Millville wants lower speed limit near park

Date Published: 
August 12, 2016

Millville contains a road that is 0.3 miles long, bends sharply in an L-shaped curve and has a new playground coming that will soon attract pedestrians, cyclists and more cars.

And, inexplicably, tiny Dukes Drive has an un-posted speed limit of 50 mph.

The Delaware Department of Transportation (DelDOT) had recently approached the Town with a proposal to reduce the speed limit to 30 mph. The Millville Town Council approved that on Aug. 9, but the council wants the speed limit to be even lower.

A speed limit change can occur in two ways on state-owned roads. In this case, DelDOT recommended the change but needs Town approval, because 30 mph isn’t official until signs are posted, and the Town pays for signage. But a town can also commission its own traffic studies and use that data to request that DelDOT change the speed limit.

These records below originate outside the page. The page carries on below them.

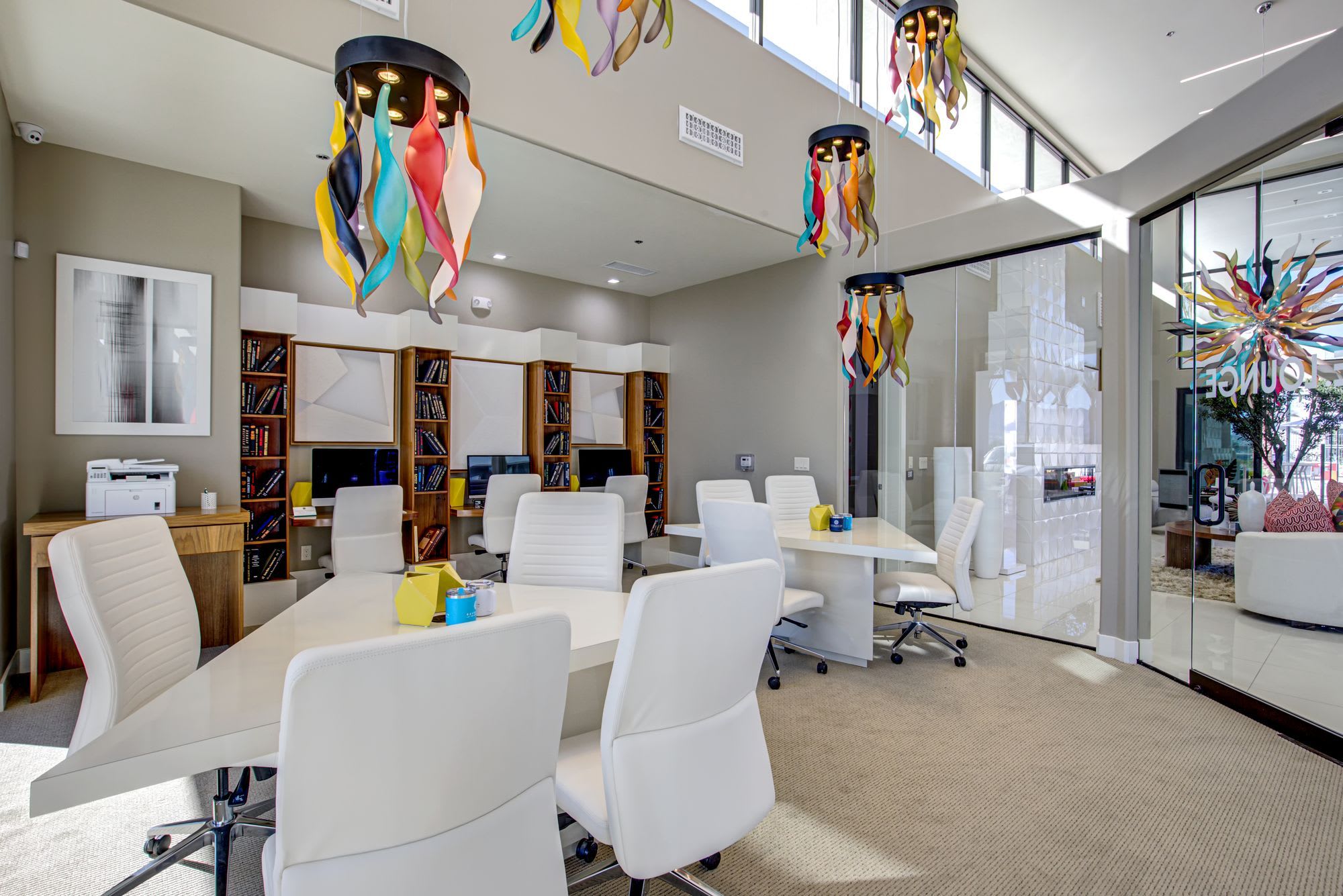 Revolution luxury apt homes – photo 3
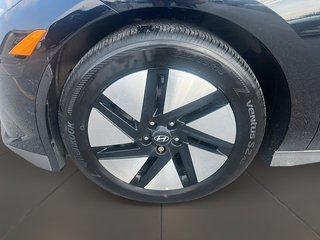 2024 Hyundai Ioniq 6 Preferred AWD Long Range in Stratford, Ontario - 6 - w320h240px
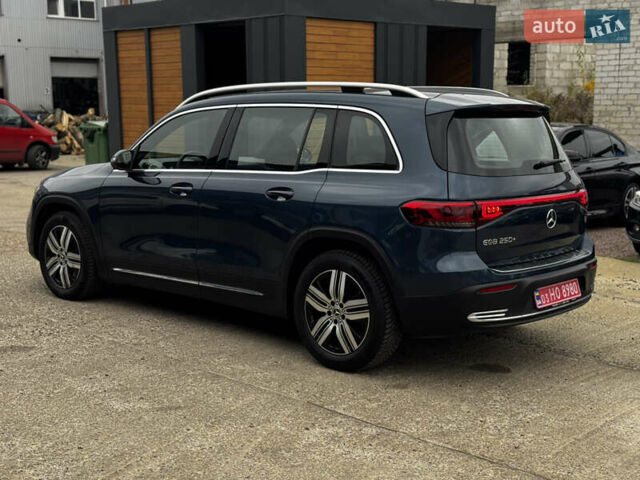 Синій Мерседес EQB, об'ємом двигуна 0 л та пробігом 64 тис. км за 29500 $, фото 1 на Automoto.ua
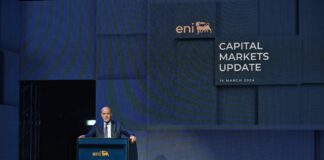 Eni, Descalzi “Affrontiamo sfide transizione puntando sulla crescita”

DelDOT’s default speed limits are based on the type of road, said Town Solicitor Seth Thompson. Rural two-lane roadways are automatically 50 mph, and at present, only a few houses and farmland are located on the narrow road. But DelDOT’s default speed for “residential districts” is 25 mph, Thompson said. DelDOT’s traffic data, field tests and crash data moved the agency to request a reduction for Dukes Drive.

With a playground coming, some council members said they would even be happy with a 20 mph limit. (Only school zones have a 20 mph limit, and only when children are present.)

Dukes Drive is an L-shaped road that sticks south off of Route 26, curves sharply at a less-than-90-degree angle, then heads west to meet Windmill Avenue. Part of it borders a chunk of unincorporated land that is trapped in the middle of town limits. Millville’s portion is surrounded by four zones — mostly agricultural and residential, plus a bit of commercial by Route 26.

“The speed traveled at or above by 85 percent of motorists … has been found to be the best guide toward posting a reasonable and practical speed limit,” according to a Traffic Studies Section email. In this case, most drivers were traveling 30 mph.

Council Member Valerie Faden said she found it odd that DelDOT would set speed limits based on how fast people drive.

“The ultimate authority rests in DelDOT’s hands,” Thompson said.

But Millville will make its case, with council members wondering why DelDOT didn’t consider 25 mph, which they said is consistent with town zoning — especially if a park, where children are a key audience, is coming.

AECOM’s Kyle Gulbronson suggested DelDOT could simply concur with the Town’s recommendation for 25 mph, without additional traffic studies.

In the meantime, the council has approved the new 30 mph limit but will also ask DelDOT’s rationale for that speed and will lobby for an even lower speed limit.

Councilman Steve Small voted against the resolution, emphasizing his desire for a 20 mph limit. But the other four council members voted to lower the speed limit to 30 mph, at least for now.

“To me, it doesn’t end at 30,” Gordon said. “To me, we’re going from 50 to 30, with a possibility of 25.”

Because the road curves sharply without a stop sign, DelDOT also recommended installing several chevrons to delineate the curve, as well as speed advisory (not speed limit) signs encouraging drivers to slow 5 or 10 mph when nearing the curve in either direction.

In other Millville Town Council news:

• Nancy Maupai was appointed and sworn into the Board of Adjustment. She previously served on the BOA around 2006 to 2009, she told the council.

• A Shade Above was approved for its final site plan at 35722 Atlantic Avenue, which involves replacing the vacant residence with a new retail building for window design services.

The town council’s next workshop will be Tuesday, Aug. 23, at 7 p.m.